TASK DESCRIPTION: Exact retyping of the data: please keep every word and drop each picture.

*** INFORMATION PROVIDED Section Begins ***

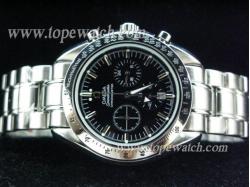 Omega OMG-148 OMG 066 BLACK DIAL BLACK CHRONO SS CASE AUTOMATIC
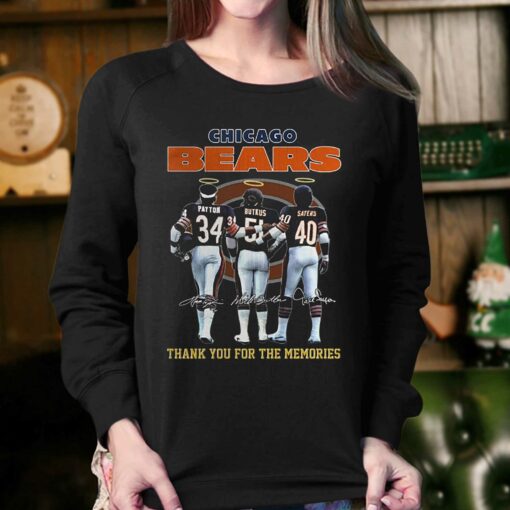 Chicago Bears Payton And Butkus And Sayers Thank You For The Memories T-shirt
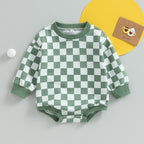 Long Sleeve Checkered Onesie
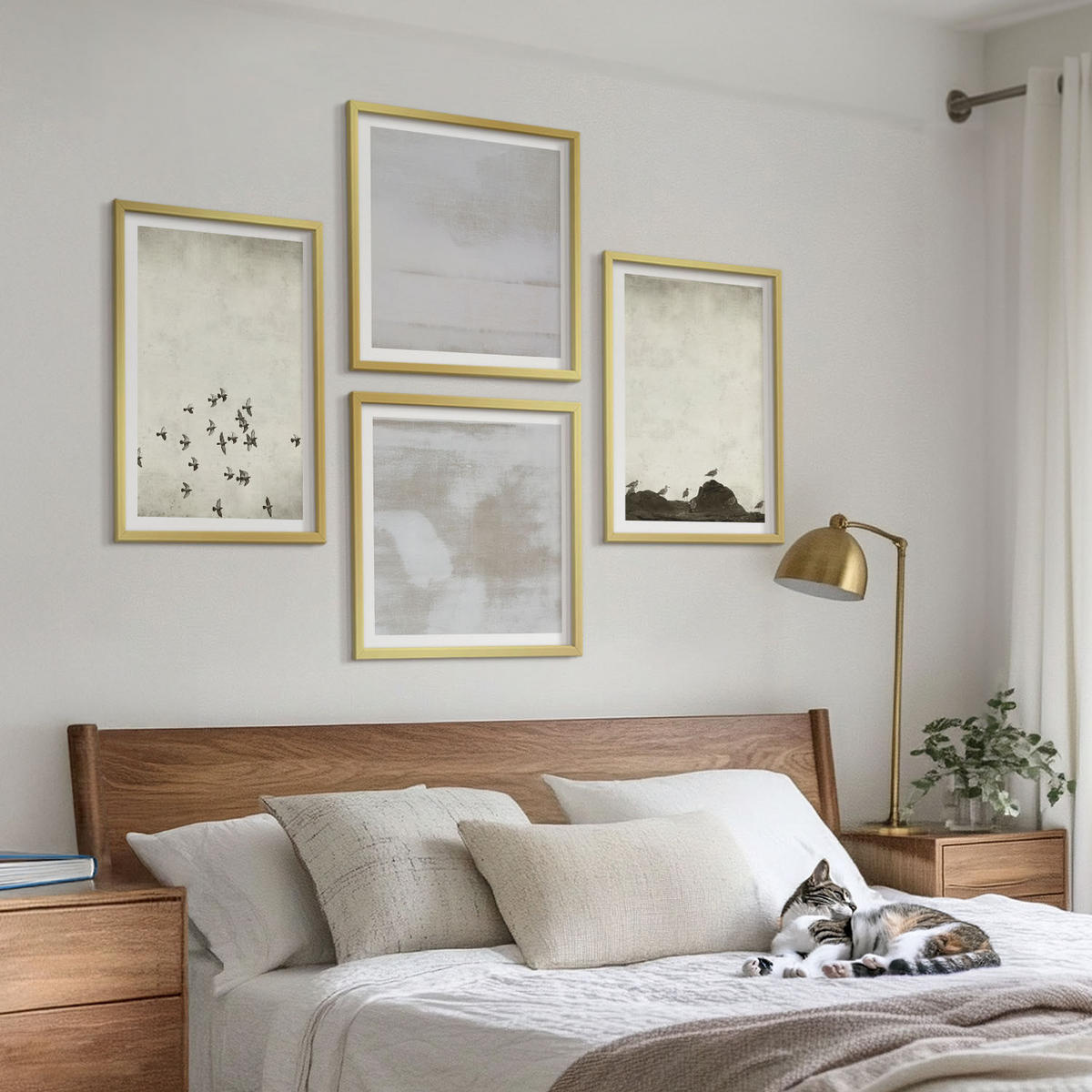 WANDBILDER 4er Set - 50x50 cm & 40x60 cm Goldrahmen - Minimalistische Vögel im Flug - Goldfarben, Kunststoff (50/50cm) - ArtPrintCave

*** INFORMATION PROVIDED Section Ends ***

THE COMPLETED TASK:
 Omega OMG-148 OMG 066 BLACK DIAL BLACK CHRONO SS CASE AUTOMATIC
 Chicago Bears Payton And Butkus And Sayers Thank You For The Memories T-shirt
 Long Sleeve Checkered Onesie
 WANDBILDER 4er Set - 50x50 cm & 40x60 cm Goldrahmen - Minimalistische Vögel im Flug - Goldfarben, Kunststoff (50/50cm) - ArtPrintCave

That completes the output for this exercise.